Complexities with Tiling - Tile size divisibility
- Tile sizes may not divide the matrix size exactly → leads to low utilization.
- Example:
- If matrix is $256 \times 256$ and tile = $128 \times 128$, tiling is perfect.
- If matrix is $257 \times 256$, extra tiles are needed, leaving partially filled thread blocks that waste work.
- Factors affecting tile size:
  - Coalesced memory access.
  - Shared memory size (hardware constraint).
  - Divisibility of matrix dimensions.
Complexities with Tiling - Memory alignment
- DRAM is read in bursts.
- Aligned layout:*tile fits neatly within bursts → efficient load.
- Unaligned layout: tile straddles burst boundaries → requires extra transactions.
- Fix: often need padding to enforce alignment.

Scaling #

model

1. The Roofline Model

X-axis (operational intensity): $\text{OI} = \frac{\text{FLOPs}}{\text{Bytes read from memory}}$
- Low OI → memory-bound (little reuse).
- High OI → compute-bound (high reuse).
Y-axis (Throughput): FLOPs per second (GFLOPS/TFLOPS).
Limits:
- Sloped lines = memory bandwidth ceilings (DRAM, HBM, shared memory).
- Flat lines = compute ceilings (ALUs, tensor cores).

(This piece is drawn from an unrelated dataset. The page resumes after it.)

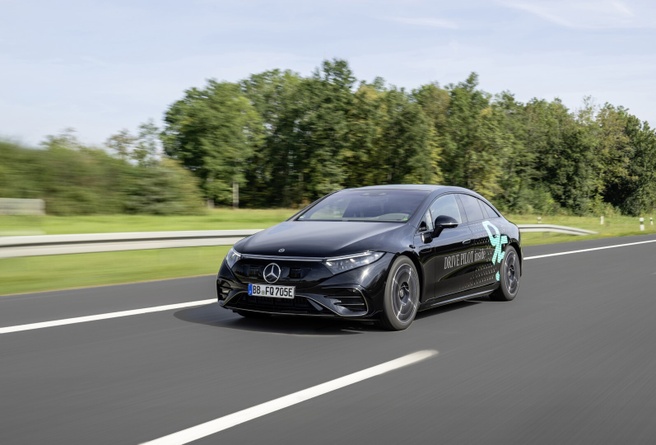 Mercedes EQS met Drive Pilot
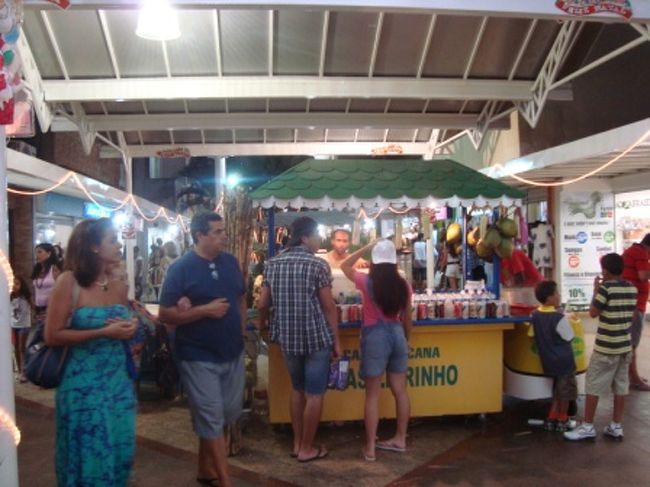 ビキニ街には当然軽食などもあります。<br />これはサトウキビジュースを売る屋台。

2. Why Matmul Performance is Tricky (Second picture)

Square matrix multiplies don’t yield smooth performance curves — experiments show:

Rising performance with higher OI (expected).
Sudden jumps from tiling.
- If $N$ not divisible by $T$, some thread blocks under-utilize.
- Tiles must align with DRAM burst boundaries. Misaligned tiles → wasted transactions.
Periodic drops due to wave quantization.
- GPUs execute tiles in waves across SMs.
- If tile count ≤ #SMs → all tiles run in parallel.
- If tile count > #SMs → multiple waves needed, lowering throughput.
Example of Wave quantization (A100, 108 SMs):
- $1792 \times 1792$ with tile $256 \times 128$: $ \frac{1792}{256} \times \frac{1792}{128} = 7 \times 14 = 98 \ \text{tiles}$. Fits in one wave (fast).
- $1793 \times 1793$: $\frac{1793}{256} \times \frac{1793}{128} \approx 8 \times 15 = 120 \ \text{tiles}$
  Requires >108 SMs → spills into 2 waves → performance dip.

Understand FlashAttention #

flashattention SRAM (on-chip shared memory) is tiny but ultra-fast, HBM (High Bandwidth Memory) is large but slower, DRAM is even slower. So we use tile to keep data in SRAM as much as possible.

Tiled approach:
- Break Q, K, V into tiles.
- Load tiles into SRAM, perform matmul locally.
- Write results back to HBM.
- Outer loop: Copy blocks between HBM and SRAM; Inner loop: Multiply sub-blocks in SRAM.
Fusion of the exponential operator
Online (Incremental) softmax
- Maintain running max and running normalization constant.